Perhaps you have heard about a new medical technology commonly called robotic surgery. Maybe you saw the strange machine with its mechanical arms on Good Morning America or elsewhere in the media. Did you wonder whether robotic surgery is really a surgical breakthrough or just the latest expensive gadget driving up healthcare cost? Let me say that in over three decades of providing surgery for gynecologic problems, I have not witnessed such an improvement in what we can offer our patients.
What is Robotic Surgery?
If you think of a robot as a machine that is pre-programmed to do something independently, this device is not actually a robot. The device we use to perform “minimally invasive robotic-assisted laparoscopic surgery” allows the surgeon to remotely control small, precise instruments passed through very small incisions. It helps us see and manipulate very accurately within the abdomen. The robot does not perform any independent tasks. Nowhere in the world is a robot performing surgery!

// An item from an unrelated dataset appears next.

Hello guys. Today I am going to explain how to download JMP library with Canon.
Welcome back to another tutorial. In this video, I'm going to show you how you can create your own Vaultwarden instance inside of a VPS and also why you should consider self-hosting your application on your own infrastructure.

Why has Robotic Surgery made such an impact?
Let me describe some of the dramatic changes the daVinci® robotic system has produced. In 2000 the FDA first approved the robotic device for prostate surgery. In just a little over a decade, 80% of the 60,000 men each year who would have undergone an open prostatectomy are now able to have a minimally-invasive surgery.

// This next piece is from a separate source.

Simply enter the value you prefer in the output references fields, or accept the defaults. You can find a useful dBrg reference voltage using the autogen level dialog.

Compare that to hysterectomy, a much more common procedure. Of almost 600,000 American women who have hysterectomies each year, only about a third were able to have a minimally-invasive surgery before the robot. Now nearly 90% of our patients at Sparks & Favor who undergo hysterectomy will have a minimally-invasive procedure. These women will have very small incisions and brief hospital stays. They are likely to have less blood loss, post-operative pain, and fever, and a quicker recovery.

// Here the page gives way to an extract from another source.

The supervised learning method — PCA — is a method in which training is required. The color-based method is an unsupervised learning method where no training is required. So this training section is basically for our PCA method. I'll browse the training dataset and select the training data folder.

As one of the first gynecologic surgeons in Birmingham to begin using robotic surgery, I have truly enjoyed seeing my patients resting comfortably after surgery. Robotic hysterectomy is sometimes performed as same-day surgery, but my partners and I prefer for our patients to spend the night so that we can be sure they are comfortable and check on them in the morning. Most of my patients are back to their normal activities within two weeks.
I hope you now understand that we do not place our patients under the control of a Star-Wars-like mechanical creature. The surgical robot is just a very refined extension of our hands. We are always at your side, controlling your surgery. And we are very pleased with what robotic surgery allows us to offer our patients.